For years the battle cry was simple. MMA fans believed in it to their cores. Those within the industry did as well.
“Mainstream.”
It’s what we all wanted. All we’ve ever wanted.
Hard-core MMA fans have always believed, and probably always will that all it takes to convert a sports fan into an MMA fan is access. If people just had the opportunity to see the purity of the competition. The salt-of-the-earth athletes. The excitement that can only be generated by full on fisticuffs.
How can you not love the courage, the discipline, the pure metal balls it takes to step into the octagon with the baddest kid on the block? The path from newbie to message-board savant can be walked in just weeks.
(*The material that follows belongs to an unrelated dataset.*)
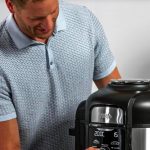¡Olvida la freidora y el horno! Descubre el electrodoméstico mini que revolucionará tu cocina pequeña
It doesn’t take much to become a full-fledged UFC fanatic.
The sport is halfway there.
We have the mainstream in our grasp: Fights on Fox, FX and Fuel allow unprecedented access to America’s sports fans. Dozens of other TV deals put the world at Zuffa’s fingertips.
But that’s only part of the puzzle.
Mixed martial arts hasn’t seen that transcendent figure, the man or woman who takes that access and molds himself or herself a merchandising and endorsement empire.
There hasn’t been a John McEnroe, a Dale Earnhardt or a Hulk Hogan.
For the most part, even the most popular UFC fighters are interchangeable in the eyes of non-fans. There is no fighter who everyone knows by one name, no athlete who has crossed the divide into true celebrity.
We all thought Georges St-Pierre would be that guy: The fighter who became synonymous with the sport. He seemed well on his way. Endorsement deals were struck with Under Armour and Gatorade. Could Nike or Pepsi be far behind?
Somewhere along the path to Kobe or Peyton status, GSP lost steam. Was it the simple fact that a fighter is only in the spotlight a couple of times a year? Was it St-Pierre’s notorious disdain for media and sponsor appearances? Or is it something more?
Thursday, St-Pierre signed a new sponsorship deal. It wasn’t with Coke. It wasn’t with Sony. It wasn’t with Converse or adidas. It was with Hayabusa, an MMA niche brand that serves a very specific audience. Is this a sign?
Perhaps the mainstream isn’t quite ready for MMA.
We spent years knocking on the door. Numbers (and a ton of young eyeballs) forced the door open, maybe before the general public was quite ready.
The UFC is on the cusp of something special. But St-Pierre’s failure to capitalize is an indication sports fans aren’t quite ready to grasp MMA with both hands and make it a part of their lives.